A: That is specific to software workflows. In hardware workflows, authority is more distributed. The builder has ultimate authority. A software platform of Git relies on commits and commit control. A hardware platform needs to rely on 'non-commits'. I mean that every design is valid until it is tested. Because there is no uniform compiler in hardware, or it is more expensive to 'compile' or build - much work by default remains non-reconciled or 'un-committed' - as a potential viable fork. So in summary, hardware by its nature requires no access privileges - as decision-making (on commits or reconciliatiuon) is much more distributed in hardware. Ie, the guy in Africa, North Pole, Europe, and rural american town all need equal access - and whoever builds, decides. So permissions are simple: all source is open, and any build is an effective fork. So it seems that the workflow from software is the general idea, but in practice - the practices are subtly different. Specifically: you don't need access privileges - default is all open and the builder is the actual committer. You can't assign roles and privileges in hardware - it doesn't make sense.

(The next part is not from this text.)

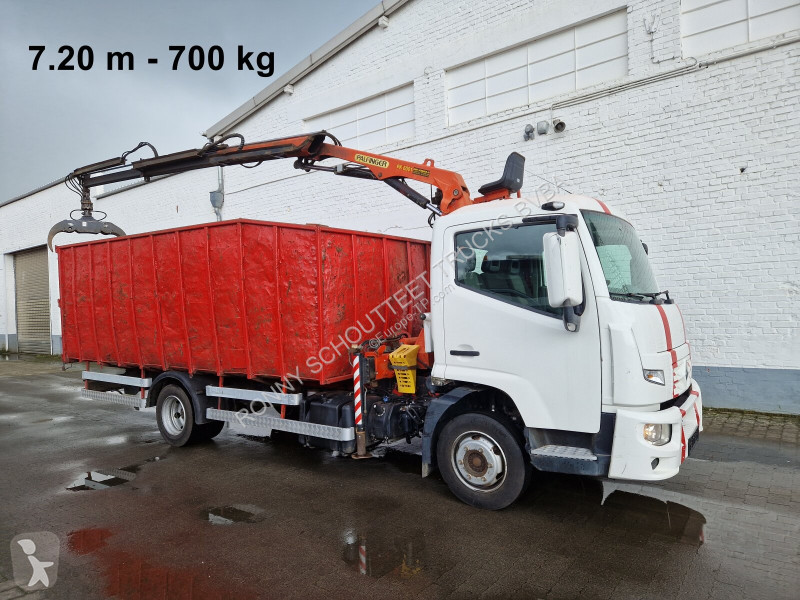 Grúa Renault D 180.75 4x2 D 180.75 4x2 mit Kran...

4. It is currently used for a large set of parts

Q: I think this point is very strong and that the transition could be a lot of work. But I still think that it could be worth it, and it should be tried out.

A: Qeustion 3 implies that the problem statement is not reconciliation (commits). It's more about who puts up the effort to build. Yes, we can all collaborate on digital design and treat it like software - ie, someone takes the control of commits. Because you cannot pre-allocate the commit-control role, you cannot scale in the same way in hardware as in software.